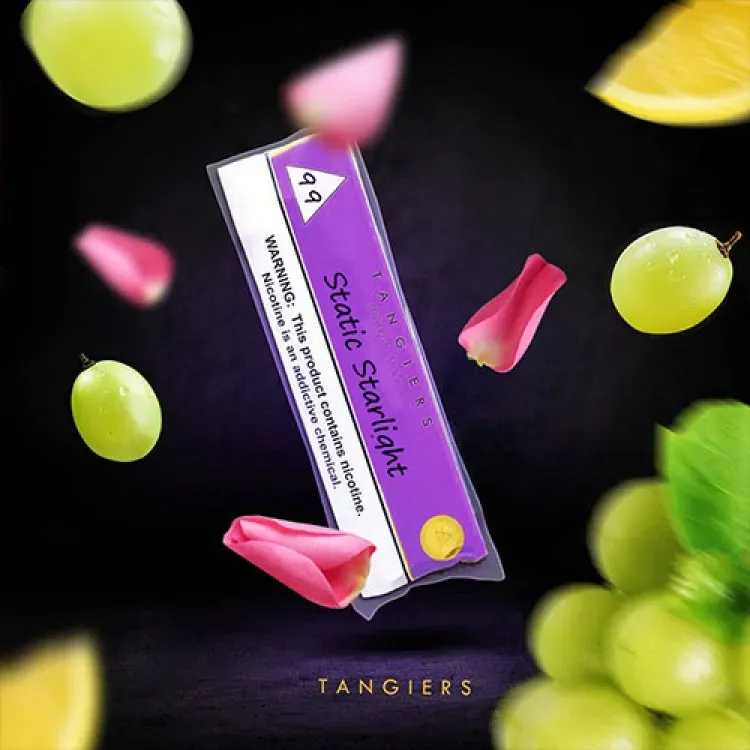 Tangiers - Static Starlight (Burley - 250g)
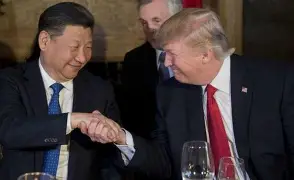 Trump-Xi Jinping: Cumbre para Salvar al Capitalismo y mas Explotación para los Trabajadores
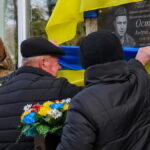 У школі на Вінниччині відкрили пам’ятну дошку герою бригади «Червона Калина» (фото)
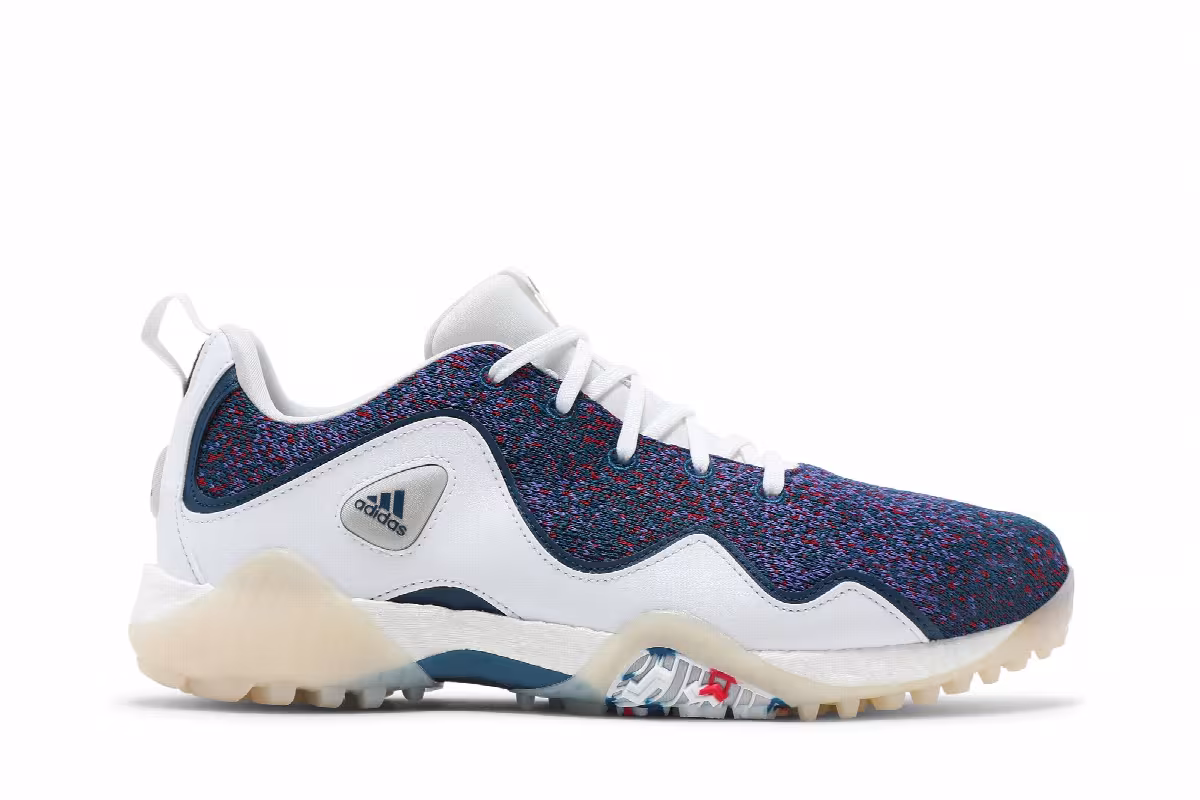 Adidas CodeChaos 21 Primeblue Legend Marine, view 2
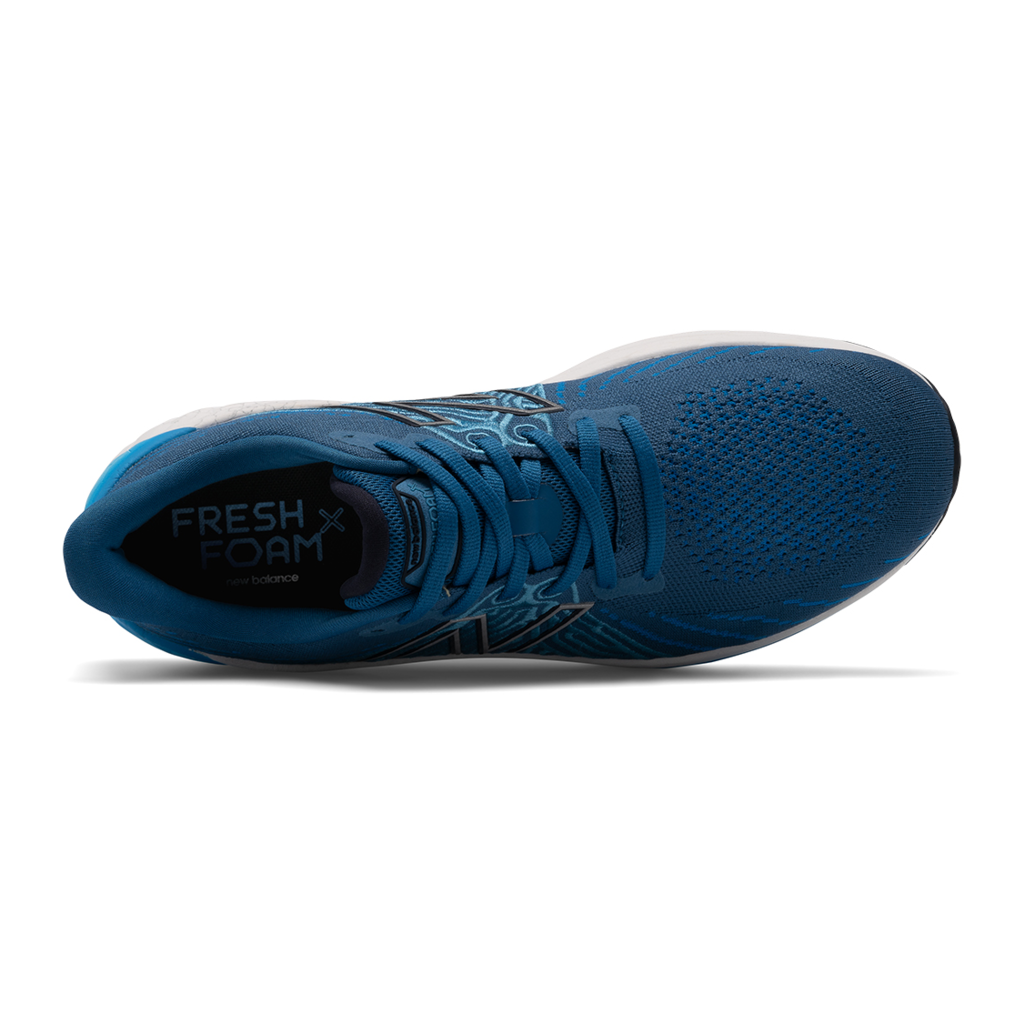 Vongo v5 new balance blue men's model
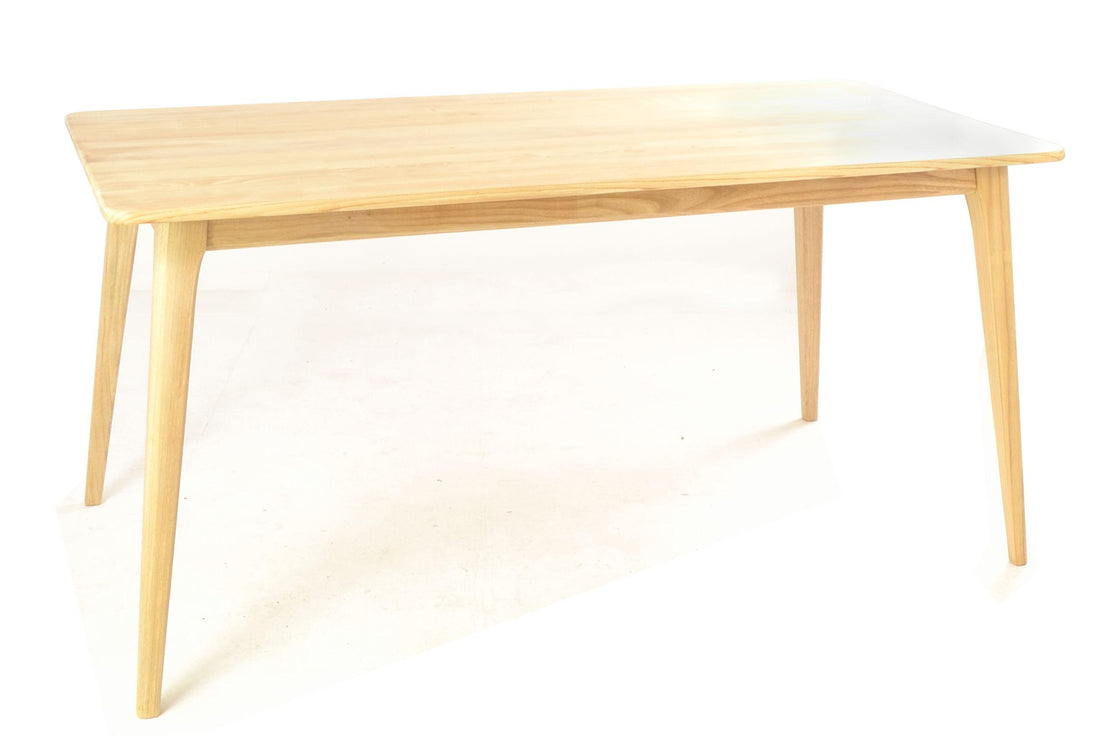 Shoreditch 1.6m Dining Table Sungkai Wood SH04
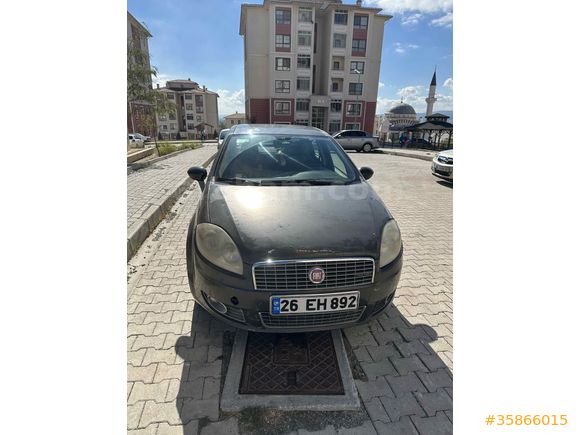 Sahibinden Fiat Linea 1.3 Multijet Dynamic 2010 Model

Work instructions:
From the line containing "Shoreditch 1.6m Dining" to the last line of the records, inclusive, output the lines exactly as written and nothing else; leave out the pictures.

Your solution:
 Shoreditch 1.6m Dining Table Sungkai Wood SH04
 Sahibinden Fiat Linea 1.3 Multijet Dynamic 2010 Model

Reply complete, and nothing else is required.